§ Given records:
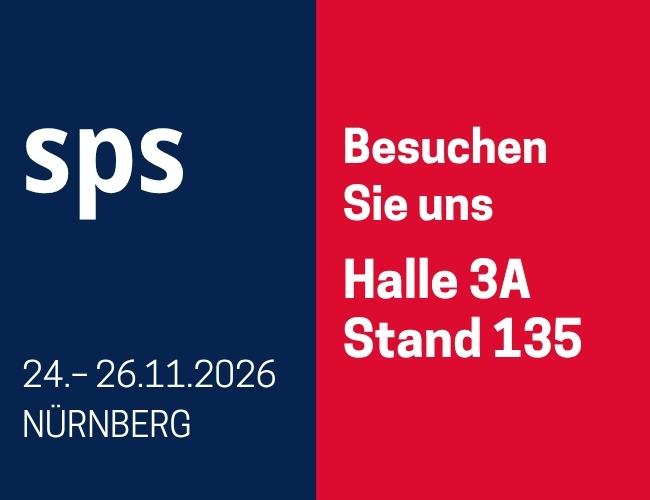 Fischer Elektromotoren auf der SPS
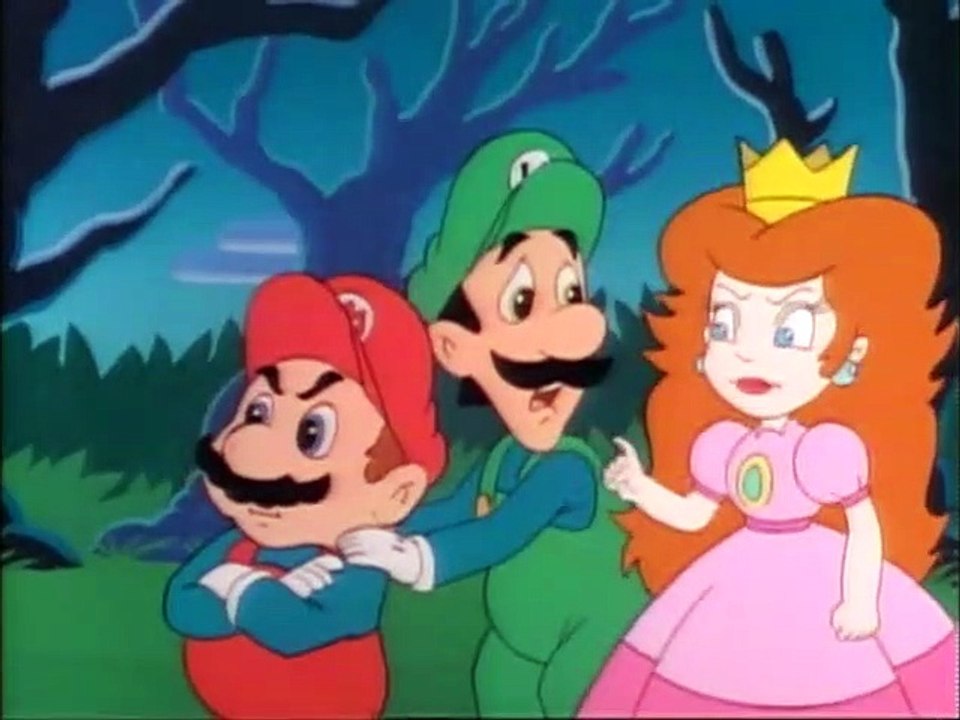 Super Mario World (SMW)  04 Ghosts 'R' Us, NINTENDO game animation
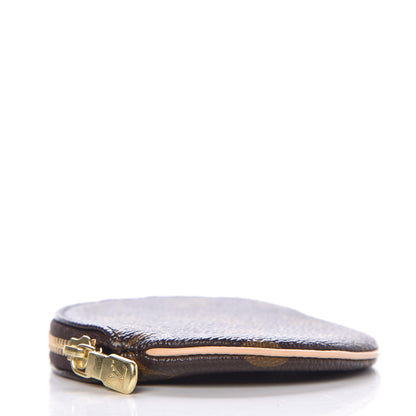 Louis Vuitton Monogram Round Coin Purse 4 of 7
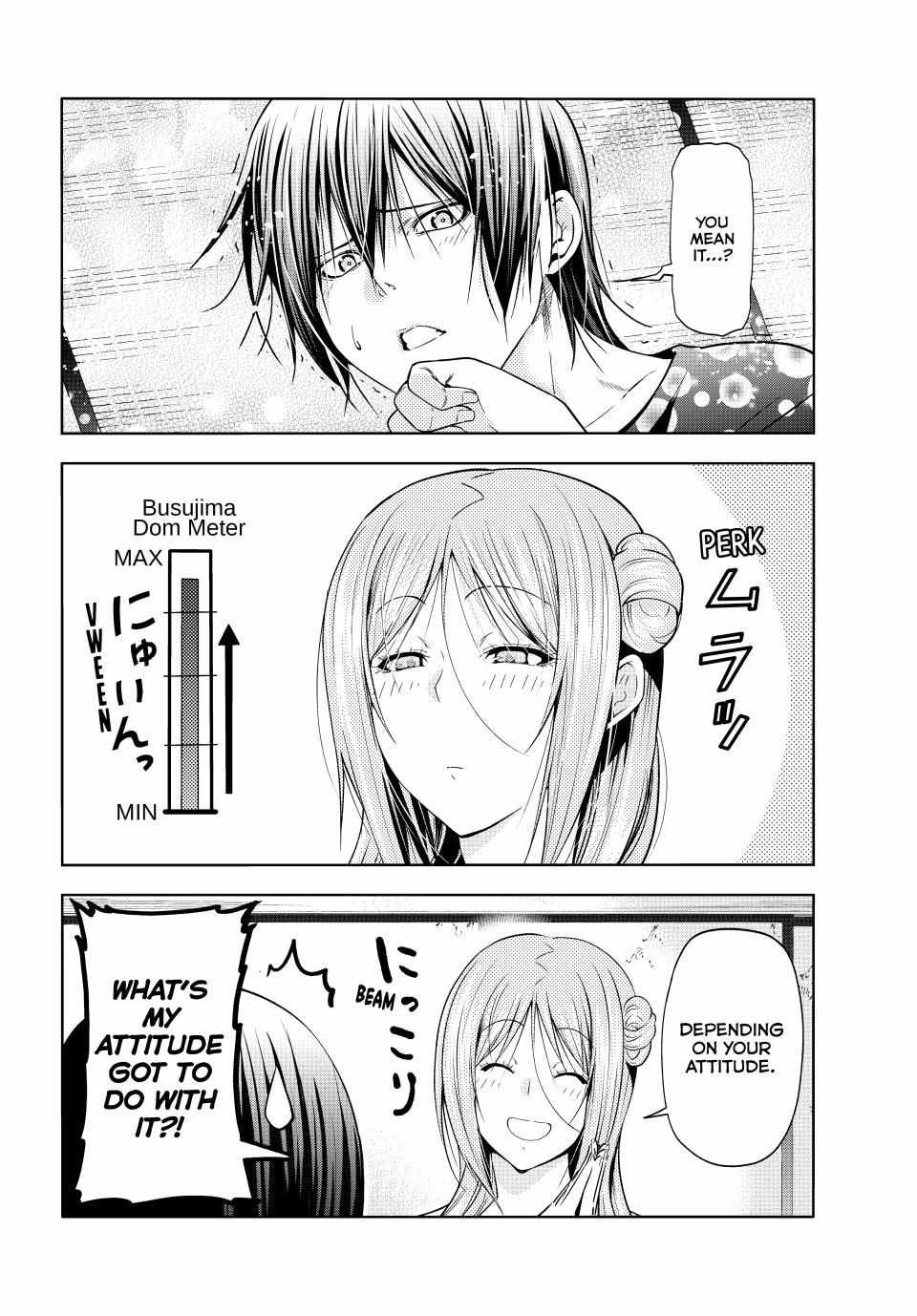 Read Grand Blue chapter 88 image 13 on Lezhin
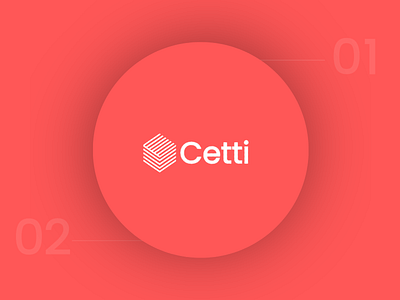 Cetti Rebrand animation branding design minimal web web design webdesign website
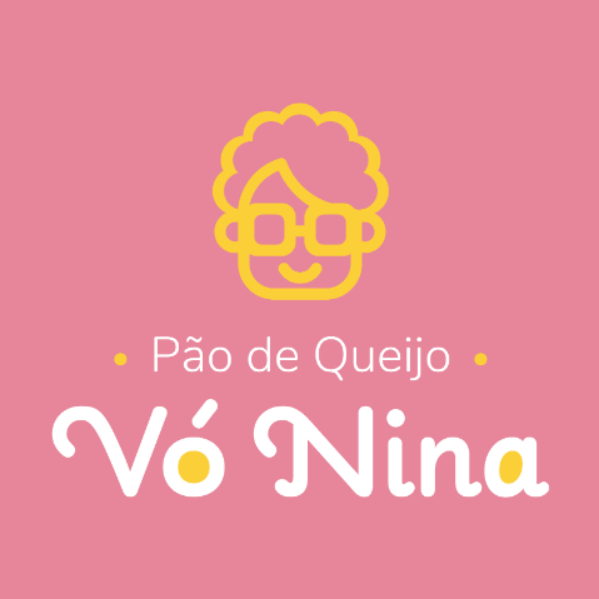 Vó Nina - logo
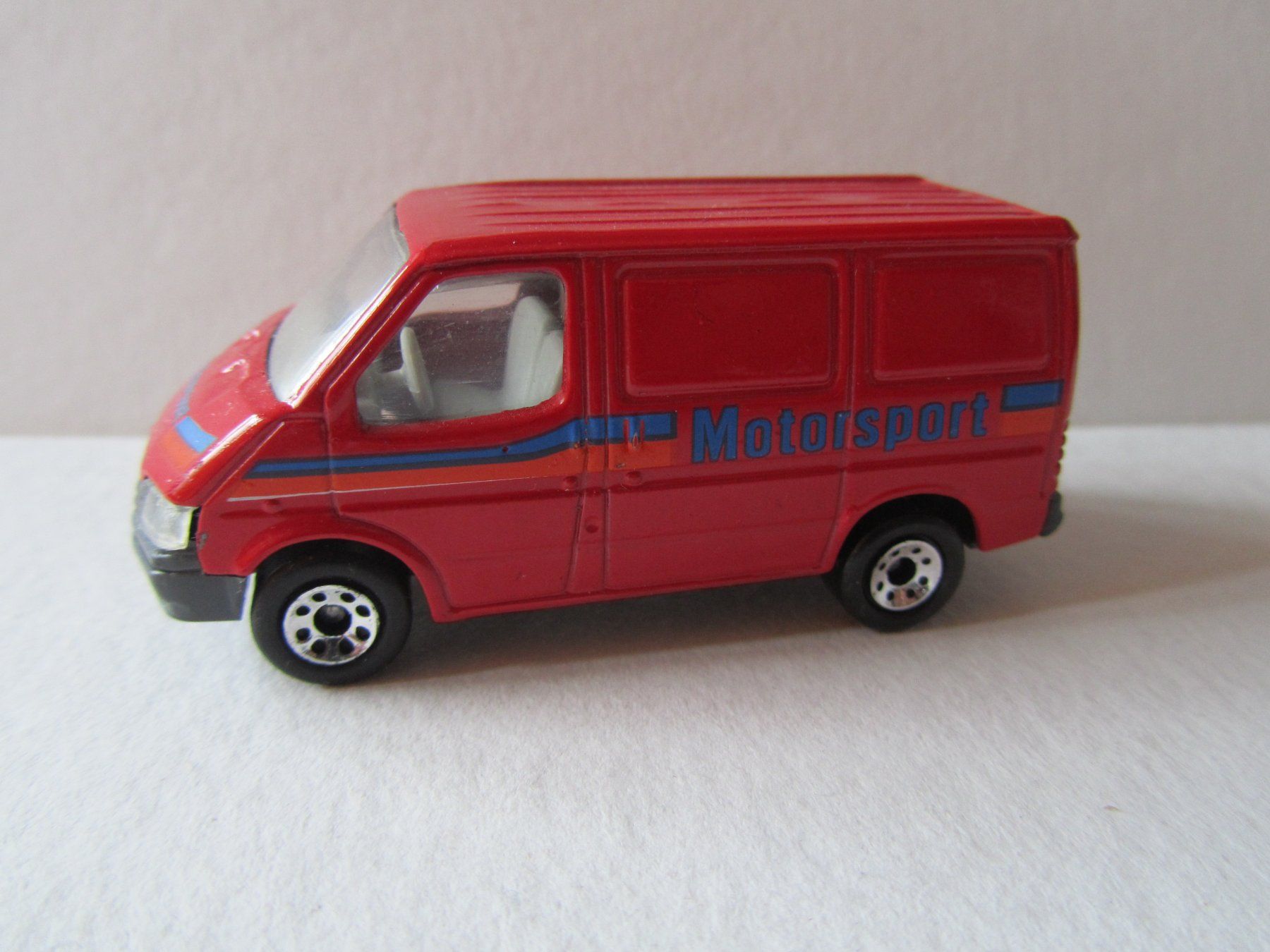 Matchbox Modellautos: Ford Transit, Matchbox Macau, unbespielt – Gebraucht aus Weiningen ZH von dietsch57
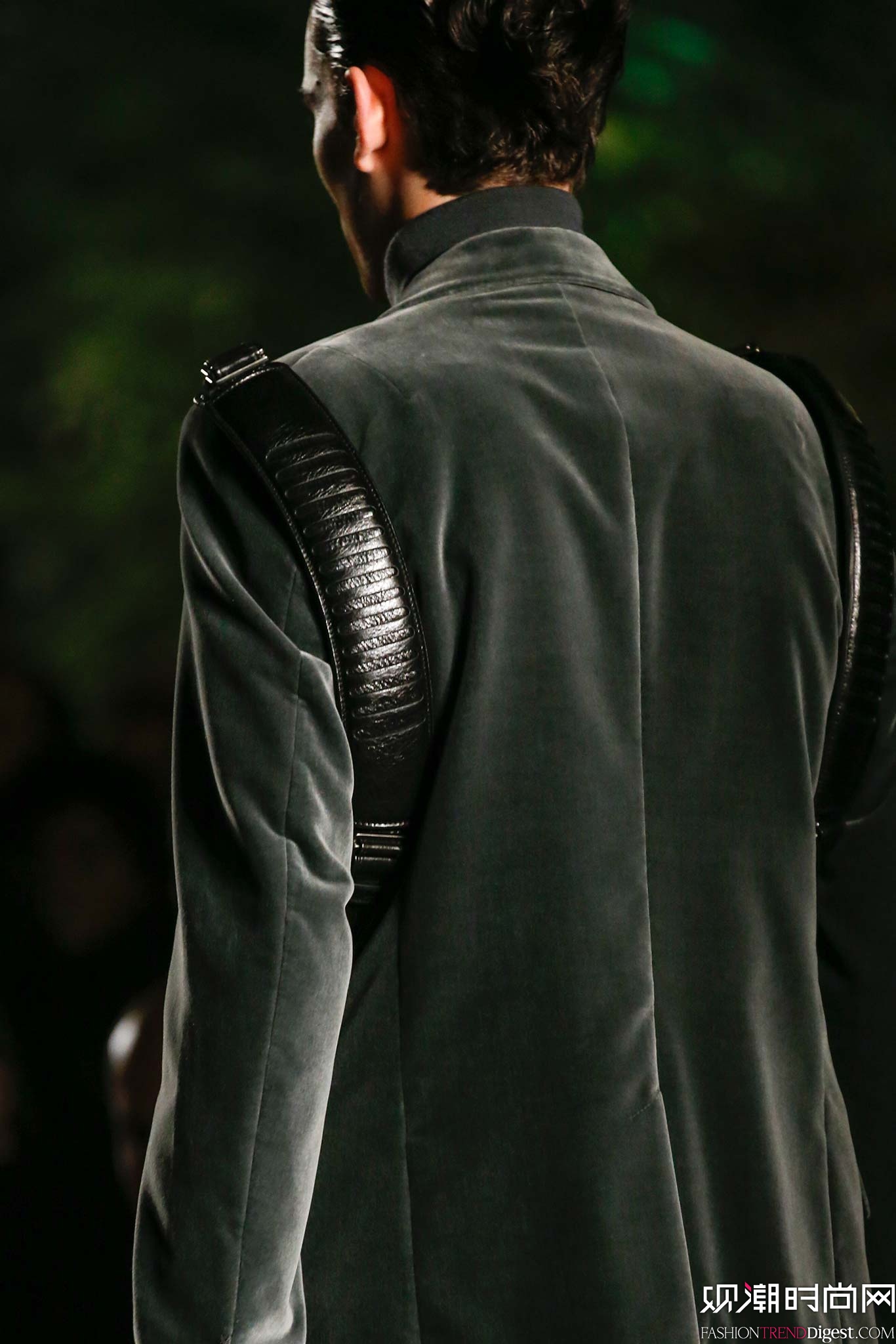 Ermenegildo Zegna 2015ﶬװϵ㳡ͼƬ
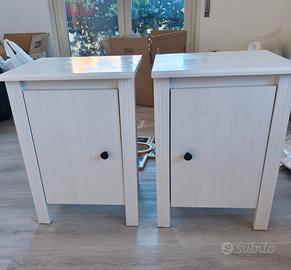 coppia comodini ikea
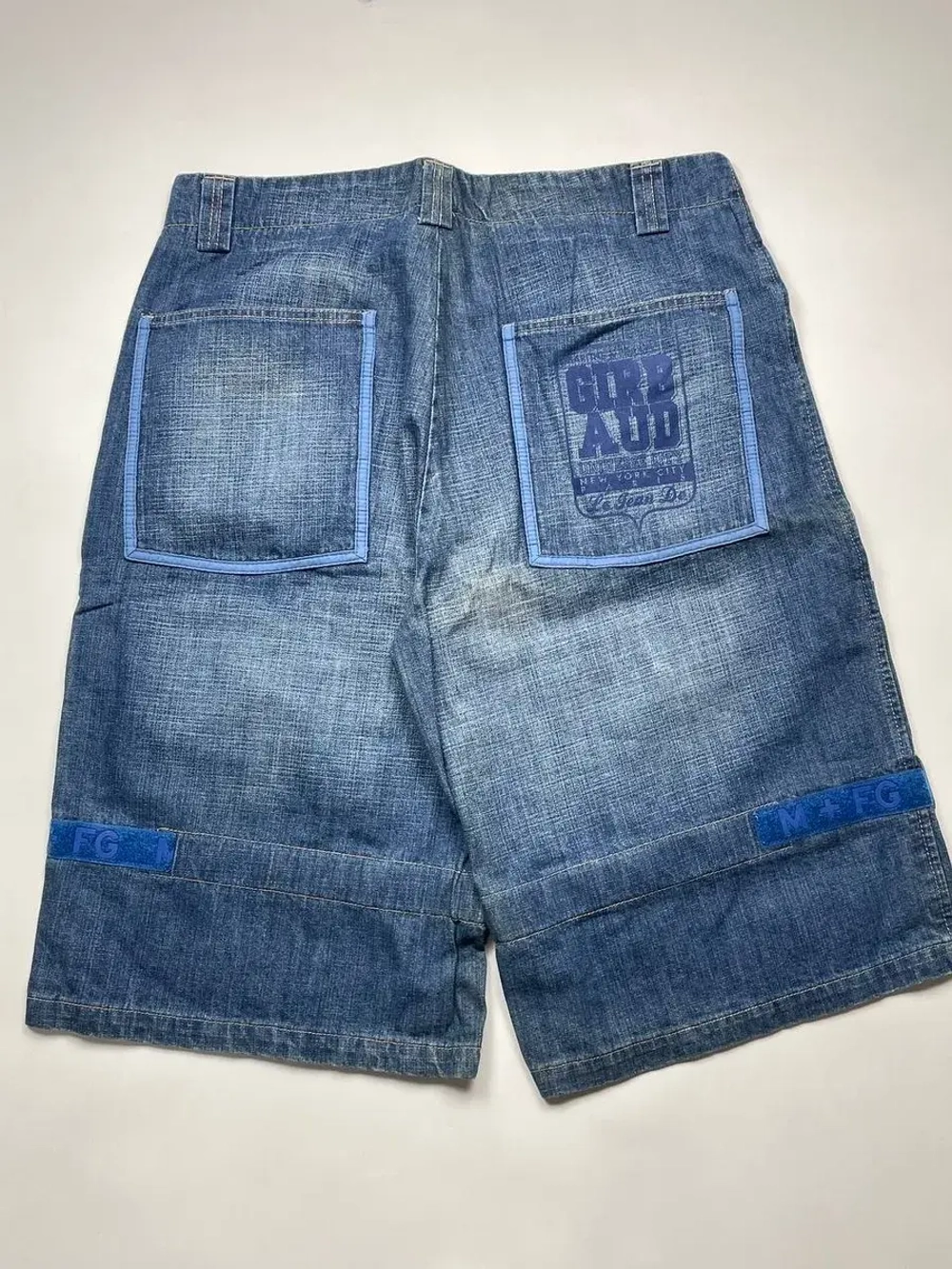 Шорты от MFG Ecko South pole True religion Jnco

§ Exercise details: At the line containing "coppia comodini ikea", begin reproducing the entries word for word, and continue through their last line. Leave out the pictures.

§ Exercise solution:
 coppia comodini ikea
 Шорты от MFG Ecko South pole True religion Jnco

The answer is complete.